• Question: What is quantum tunneling?

    Asked by anawesomepersonlol to Claire, Sam on 27 Jun 2013.
    • Photo: Claire Lee

      Claire Lee answered on 27 Jun 2013:


      Quantum tunneling basically says that there is a non-zero possibility that if you run into the wall an infinite number of times, you will eventually go through it 🙂

      (I gotta log off now – will post a more complete answer later tonight!)

      EDIT: Ok… here we go:

      So the thing about quantum mechanics is probability. Everything is described by probabilities, and everything carries that probability around with it as a wave. Basically, instead of thinking about a particle as a dot, you should think about it as a wave (or function) telling you what the likelihood is for that particle to be in a given place at a given time.

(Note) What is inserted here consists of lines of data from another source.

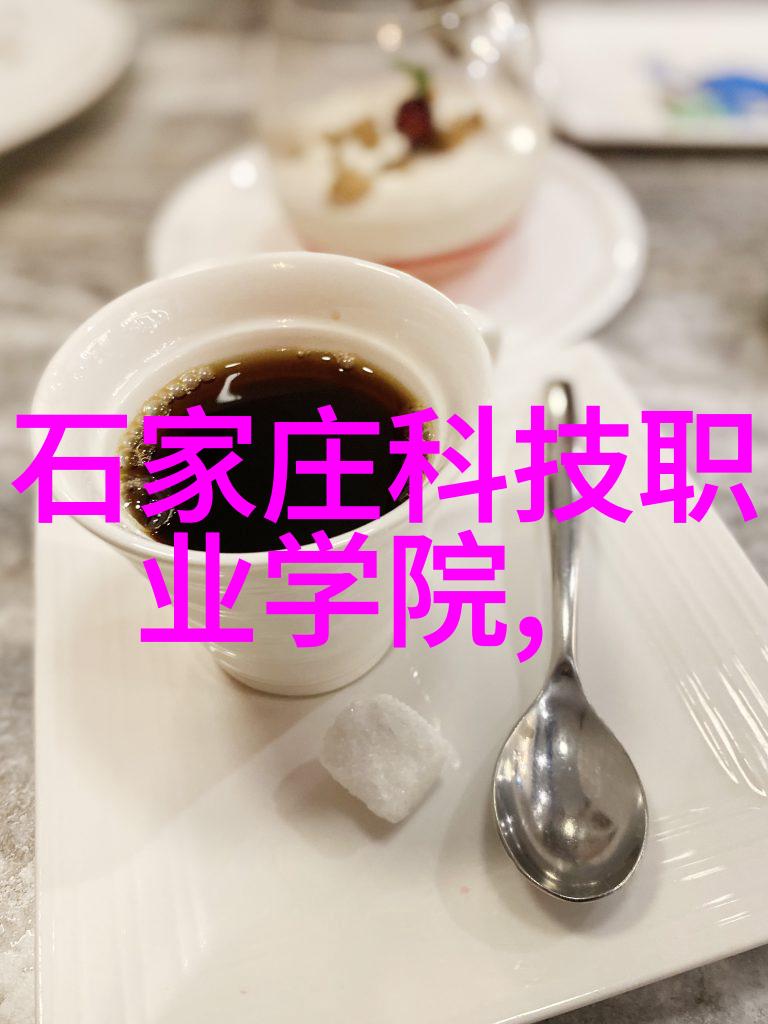 水质检测取样流程-精准采集确保饮用水质量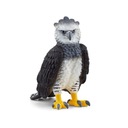 SCHLEICH 14862 HARPY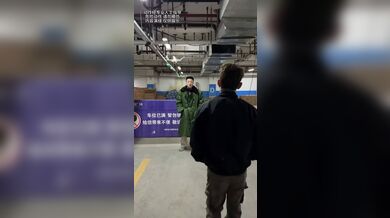 KR TWITTER PORN VIDEOS 00036115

      Now imagine you take your particle and you put it in a box, one that it can’t get out of. In our everyday lives, we would think that, if the particle was in the box, it’s in the box. It could be anywhere in the box, but it’s still IN the box.

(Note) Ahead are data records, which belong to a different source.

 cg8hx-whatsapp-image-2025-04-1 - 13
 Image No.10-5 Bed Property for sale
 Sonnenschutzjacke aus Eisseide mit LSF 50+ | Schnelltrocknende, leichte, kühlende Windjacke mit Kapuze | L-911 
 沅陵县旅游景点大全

      Quantum mechanics is a bit more open minded (it thinks outside the box, so to speak 🙂 ). When you stop thinking of a particle as a dot and start thinking about it as a probability function, then you get something strange happening… If you solve the function, you get something that tells you “Most likely inside the box, but a small likelihood that it is outside too”. If you like betting against-the-odds, quantum mechanics is a good game for you!

      The strange part is that it’s not that the particle even travelled through the box, or made a hole in it. It didn’t. It just could be on the other side.

      Actually, in the real theory, the boxes walls are made of energy, kind of like a hill, and the particle doesn’t have enough energy to go over the hill. Except that you have a chance of finding it on the other side. It hasn’t gone over – it’s just gone through the hill. Tunneled through!

    • Photo: Sam Geen

      Sam Geen answered on 28 Jun 2013:


      What Claire said! Quantum tunnelling also helps stars fuse hydrogen and make light – the protons tunnel through the repulsion of the electric field and can get to the point where the strong nuclear force attracts them together and merge to form helium. If quantum tunnelling didn’t happen, stars would be much colder and darker.